[Stored dataset items]
------
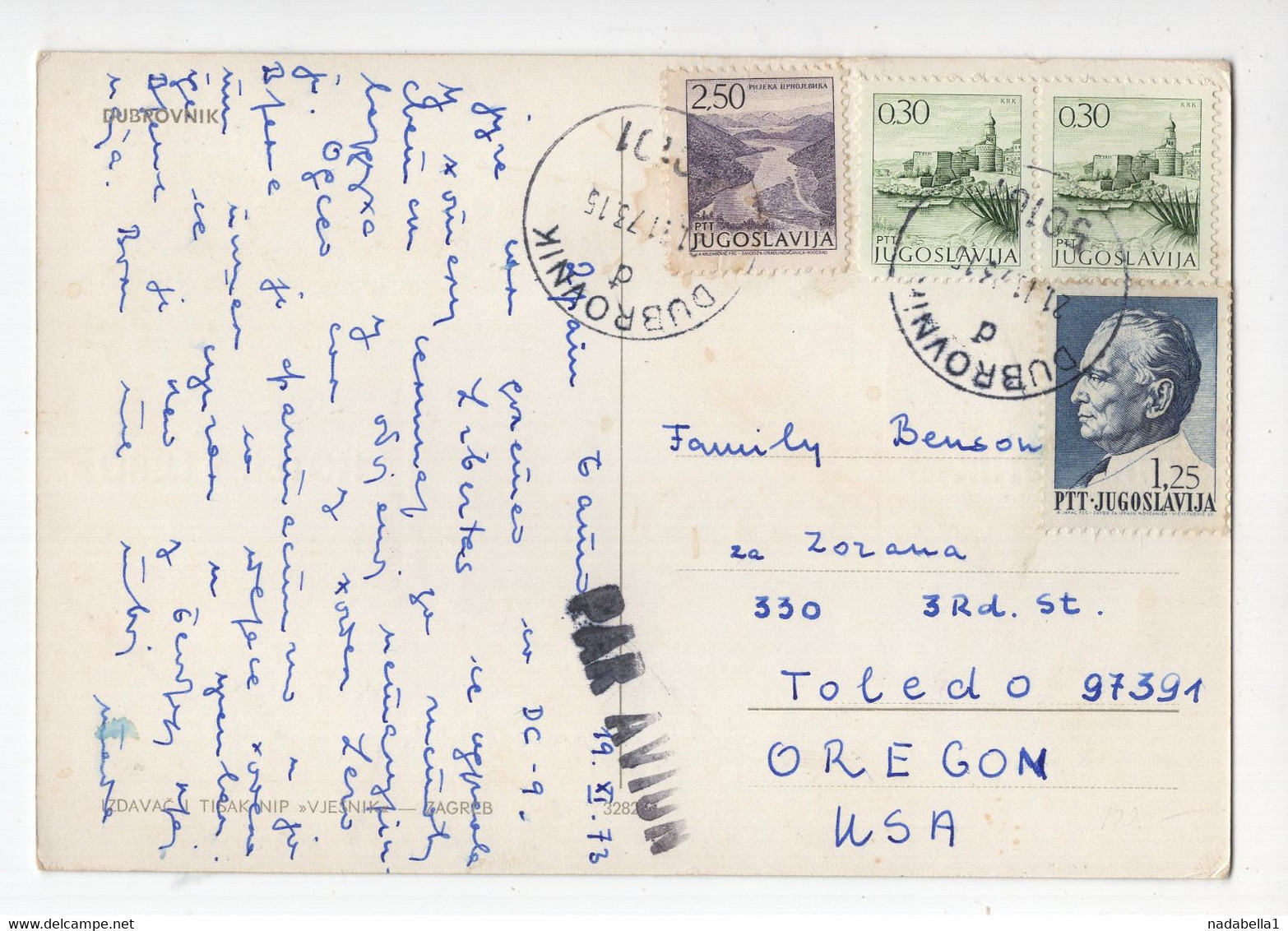 1973. YUGOSLAVIA,CROATIA,DUBROVNIK AIRMAIL TO USA,HOTEL LERO,MULTI VIEW POSTCARD,USED - Airmail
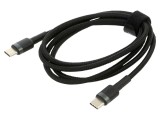 Cablu USB C 1m negru textil, 60W, mufă din ambele părţi
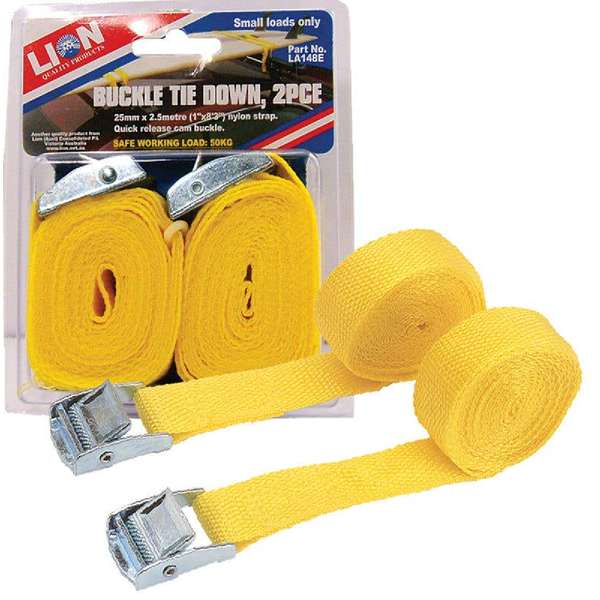 Lion 25mm x 2.5m Quick Release Tie Down 2 Piece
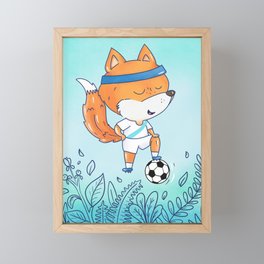 Soccer Fox Framed Mini Art Print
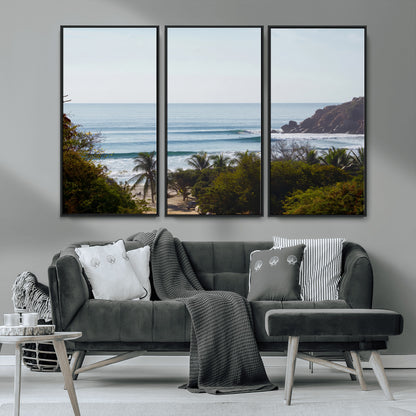 88336640-MGV-CV-36X24-Tropical Beach Scene Wall Art Canvas Print, Framed Coastal Photography Art Picture Print, Ocean Horizon Art Perfect Coastal Boho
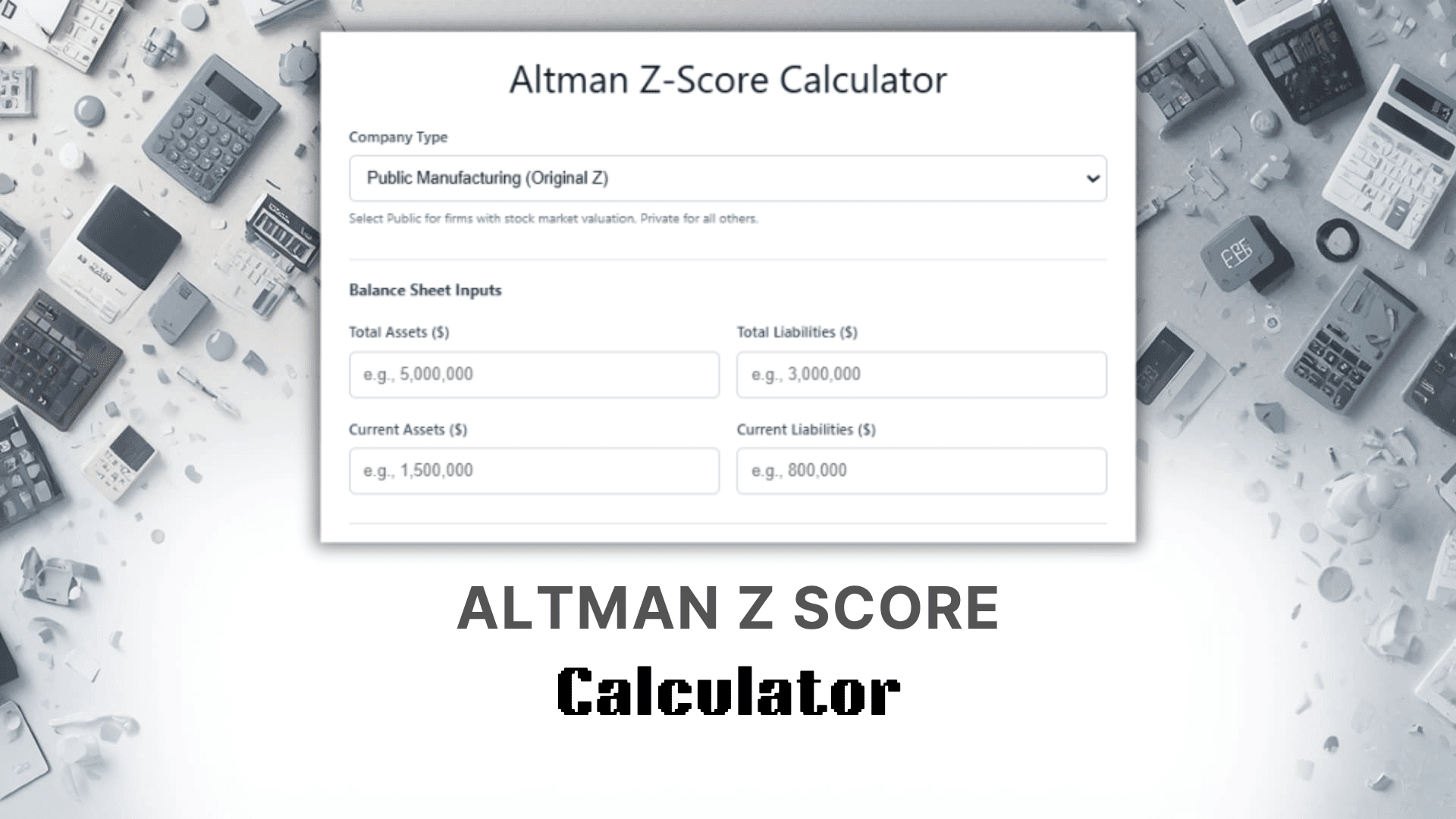 Altman Z Score Calculator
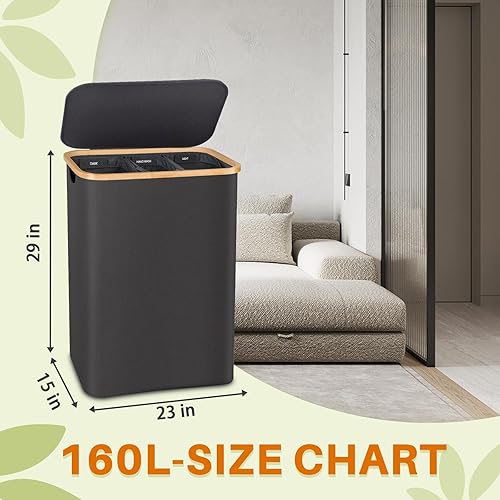 Miniatura 7 de Cesta de lavandería con tapa, cesta de ropa sucia de 160 L para cesta de ropa sucia de 3 secciones, cesta clasificadora de ropa sucia extragrande, 3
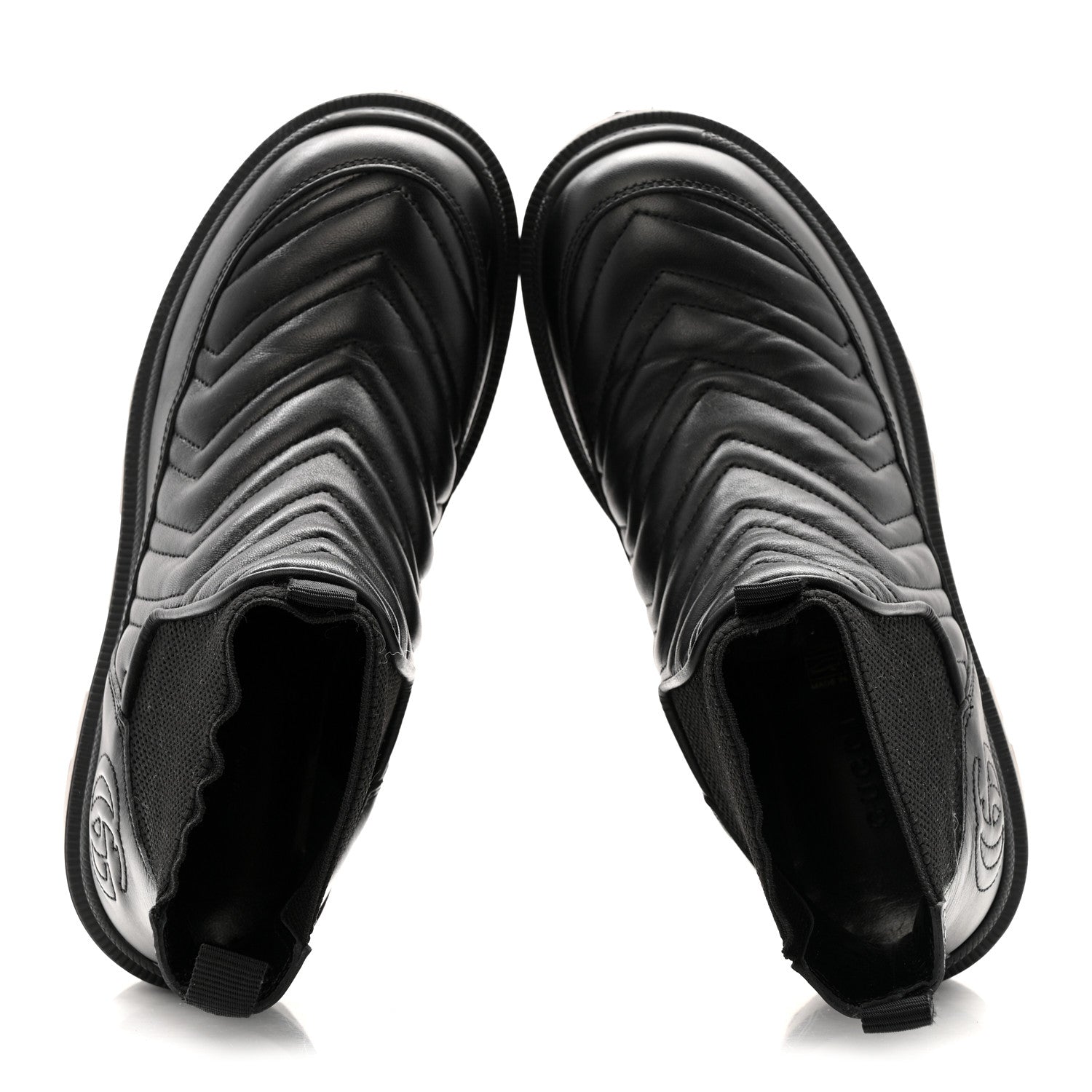 Calfskin Nappa Matelasse Frances Chelsea Boots 35.5 Black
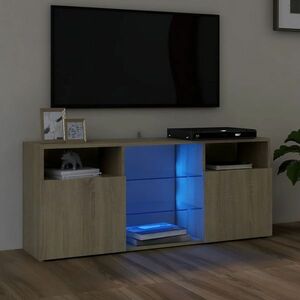 vidaXL Szafka TV z oświetleniem LED, dąb sonoma, 120x30x50 cm obraz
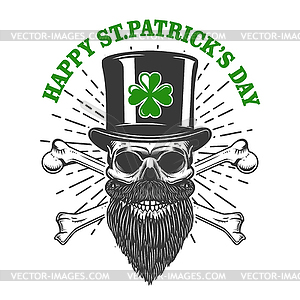 Happy saint patrick day. Irish Leprechaun skull wit - vector image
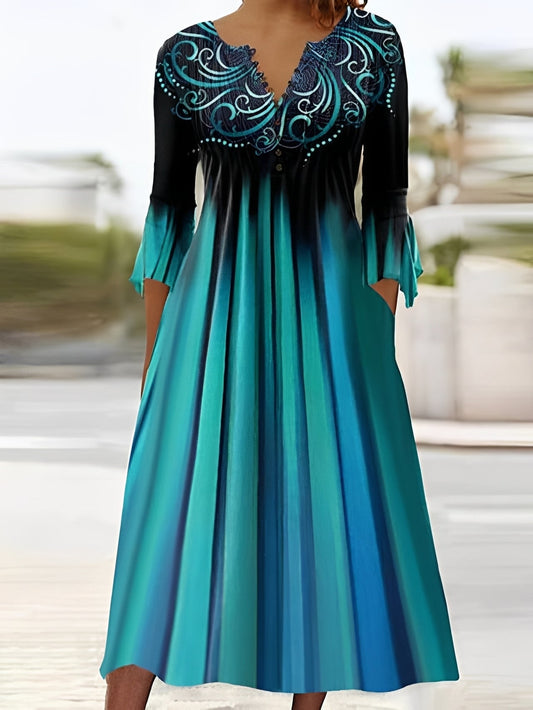 Abito Midi Donna Elegante Manica - Brentozzi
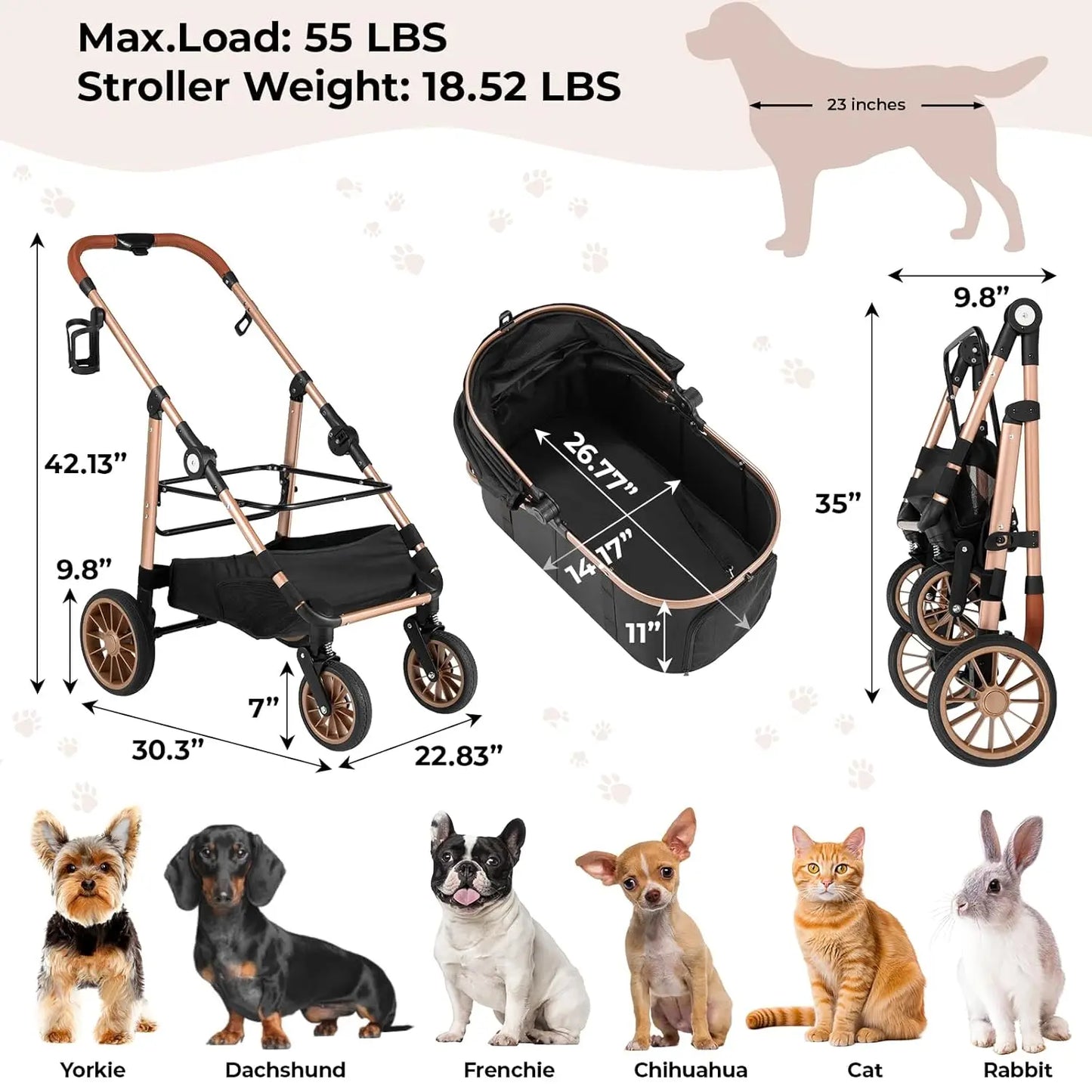 Foldable 360 Degree Cat Pet Stroller And Dog Buggy 25kg Load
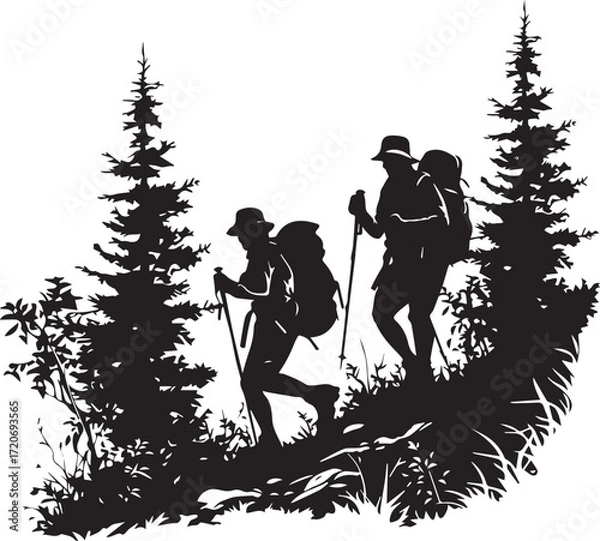 Fototapeta Hiking Adventure Silhouette: Silhouetted figures, equipped with backpacks and trekking poles, embark on a scenic hiking trail surrounded by towering trees.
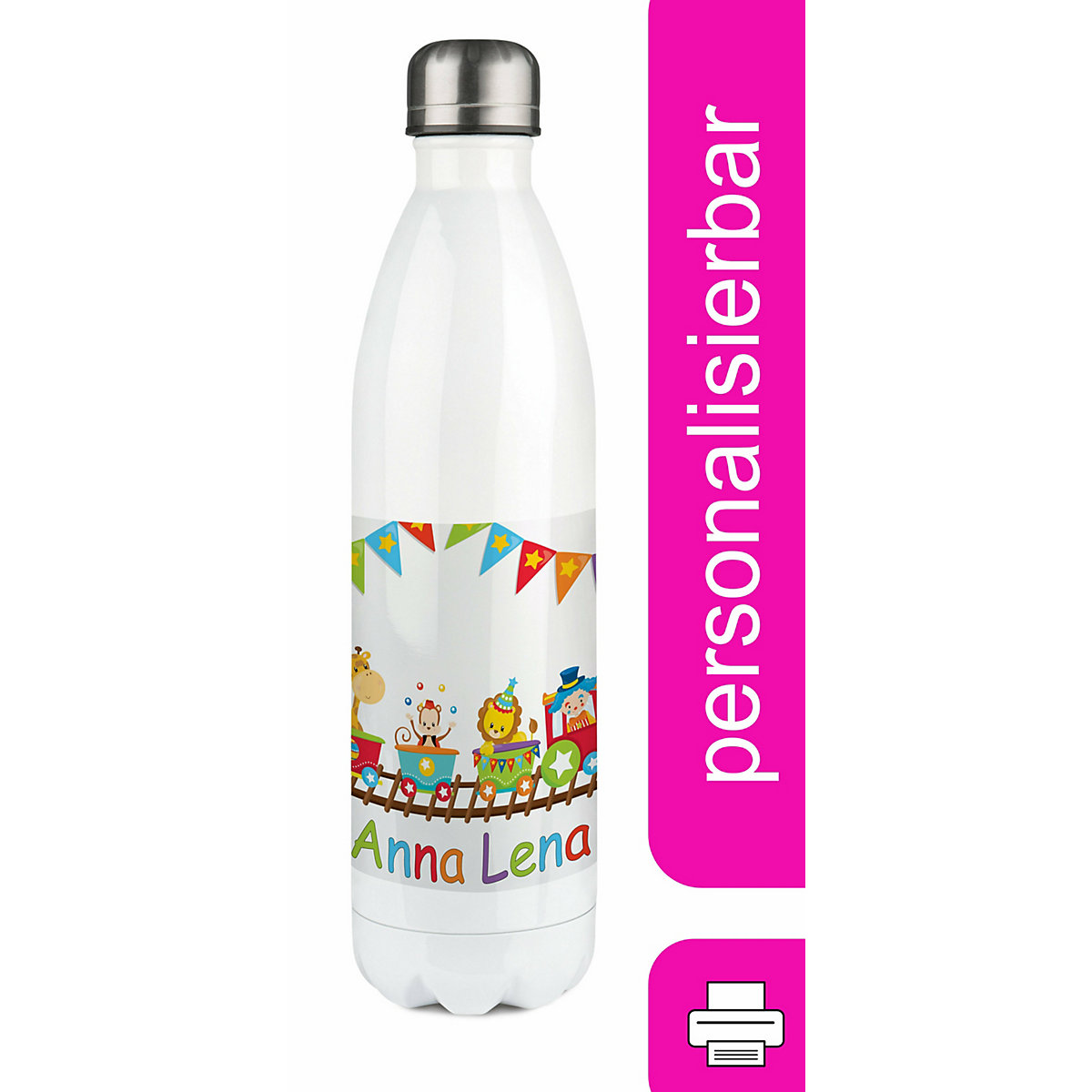 Edelstahl Kinder Thermoflasche / Trinkflasche bunt Zug Spülmaschinenfest, Auslaufsicher, Bruchfest, Doppelwandig, Für Heißgetränke geeignet, Mit Deckel, Isoliert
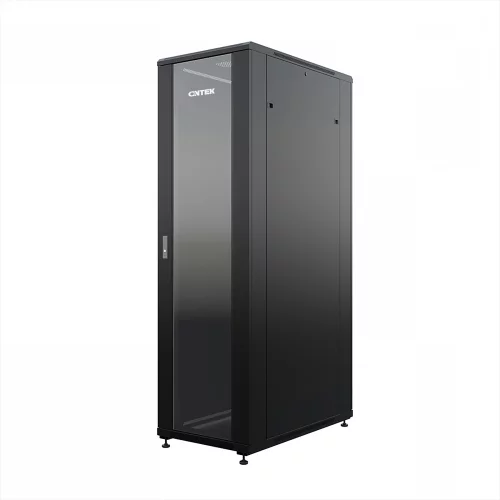 Шкаф напольный универсальный серверный ONTEK TC 22U 600х1000мм, 4 профиля 19, двери стекло и сплошная металл, боковые стенки съемные (TC22U61GSRSWAS-9005)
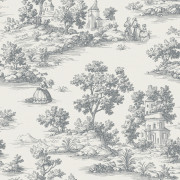 Papier peint intissé Toile de Jouy paysage noir - Aristide - Lutèce - 3858-6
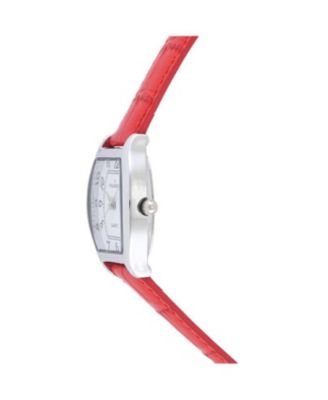 Women's 26 x 32mm Cushion Shape Watch with Red Leather Band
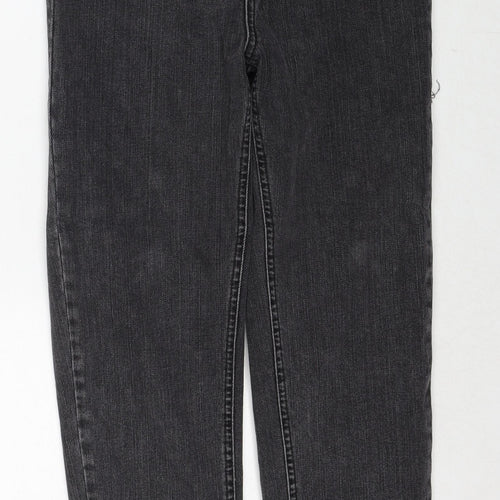 ASOS Womens Black Cotton Straight Jeans Size 28 in L32 in Regular Zip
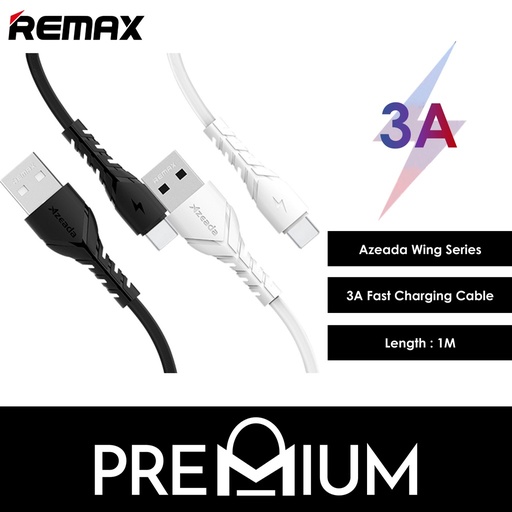 [AZD007366L10XBLK] USB to iOS Wing Series 3A Data Cable - PD-B47i - Azeada - 1M - Black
------
WORK ORDER | With the images omitted, retype the records above exactly.

RESULT |
 1973. YUGOSLAVIA,CROATIA,DUBROVNIK AIRMAIL TO USA,HOTEL LERO,MULTI VIEW POSTCARD,USED - Airmail
 Cablu USB C 1m negru textil, 60W, mufă din ambele părţi
 Lion 25mm x 2.5m Quick Release Tie Down 2 Piece
 Soccer Fox Framed Mini Art Print
 88336640-MGV-CV-36X24-Tropical Beach Scene Wall Art Canvas Print, Framed Coastal Photography Art Picture Print, Ocean Horizon Art Perfect Coastal Boho
 Altman Z Score Calculator
 Miniatura 7 de Cesta de lavandería con tapa, cesta de ropa sucia de 160 L para cesta de ropa sucia de 3 secciones, cesta clasificadora de ropa sucia extragrande, 3
 Calfskin Nappa Matelasse Frances Chelsea Boots 35.5 Black
 vidaXL Szafka TV z oświetleniem LED, dąb sonoma, 120x30x50 cm obraz
 Happy saint patrick day. Irish Leprechaun skull wit - vector image
 Abito Midi Donna Elegante Manica - Brentozzi
 Foldable 360 Degree Cat Pet Stroller And Dog Buggy 25kg Load
 Fototapeta Hiking Adventure Silhouette: Silhouetted figures, equipped with backpacks and trekking poles, embark on a scenic hiking trail surrounded by towering trees.
 Edelstahl Kinder Thermoflasche / Trinkflasche bunt Zug Spülmaschinenfest, Auslaufsicher, Bruchfest, Doppelwandig, Für Heißgetränke geeignet, Mit Deckel, Isoliert
 Шкаф напольный универсальный серверный ONTEK TC 22U 600х1000мм, 4 профиля 19, двери стекло и сплошная металл, боковые стенки съемные (TC22U61GSRSWAS-9005)
 Papier peint intissé Toile de Jouy paysage noir - Aristide - Lutèce - 3858-6
 Women's 26 x 32mm Cushion Shape Watch with Red Leather Band
 ASOS Womens Black Cotton Straight Jeans Size 28 in L32 in Regular Zip
 [AZD007366L10XBLK] USB to iOS Wing Series 3A Data Cable - PD-B47i - Azeada - 1M - Black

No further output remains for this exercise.